看上了一個比較古樸的盒子,拿起來還挺重。
聞起來還有一股淡淡的香味。
“李老板,這個盒子,怎麽賣。”
李老板看到蘇荷拿起來的盒子,立馬說:“黑檀木的盒子,這輩子都不會生蟲子,您放心用,好東西。”
她確實也比較喜歡。
“行,臨走拿個東西,算是李老板幫忙了。”
她這麽說,就是不在乎李老板開多少錢。
李老板知道蘇荷的身份,也絕對不會獅子大開口。
“顧夫人我收這個盒子的時候,是二百兩,您多少讓我掙點,二百三您看怎麽樣。”
蘇荷不是不知道這裏邊的水分。
於是不客氣的說:“李老板,我可不喜歡欠別人人情。三百兩,東西我拿走,一會你讓人去我店裏取錢就行了。”
李老板明顯想要蘇荷欠個人情。
但是蘇荷卻不想,並且還把後邊的話,都給李老板堵回去了。
“那就謝謝顧夫人賞臉光顧了。
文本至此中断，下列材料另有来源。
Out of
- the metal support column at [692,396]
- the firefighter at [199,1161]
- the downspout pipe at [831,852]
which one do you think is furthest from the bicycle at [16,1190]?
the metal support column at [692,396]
”
最後,蘇荷帶著芸娘走了,在回去的路上,芸娘還在詢問蘇荷的意思。
“你覺得李老板說的怎麽樣,還用去別的地方問問麽。”
蘇荷卻覺得已經沒必要了,看來這行是真的不好幹,如果好幹他們也不會這麽輕易的就將事情給說出來。
“不用了,回去想想再說。”
等回到店裏,先是吩咐了店裏的賬房,說一會會有人來拿三百兩銀子。
然後才去了內閣。
芸娘跟蘇荷坐在凳子上。
“你覺得怎麽樣,能做還是不能做,蘇荷,我覺得就單憑你的心思跟想法,想要在這上邊開辟出來一個路徑,那絕對是易如反掌的事情。”
而蘇荷想的卻不是那個。
蘇荷想的是李老板說了,如果想要開珍寶閣,就需要各種采買材料,還要審核。
審核肯定是朝廷的人去審核。
而現在,顧承昀就在朝廷做官,如果他們做大了,這件事情被有心人抓住,惡意放大,可能還會影響到顧承昀的仕途。
所以這件事情,不是那麽容易,就能決定的。
“蘇荷?蘇荷你想好了沒有,能做麽。”
蘇荷沒有說話,隻是在內心,思考著這件事情的利弊。
做的話,不在乎別人的眼光,肯定可以做大,古董這個東西,搞得就是噱頭。
可也有弊端,可能會連累顧承昀。
單說,開了美容院以來,她們已經經曆了很多事情了,真的沒有精力在分出去了。
別的她不怕,她主要是怕保不住顧承昀在朝堂上的地位,再次被人彈劾。
“蘇荷,你到底考慮的怎麽樣了,咱們做還是不做,其實做也簡單,咱們有窯,之前也一直都有合作。”
道理她都懂,可是她不想。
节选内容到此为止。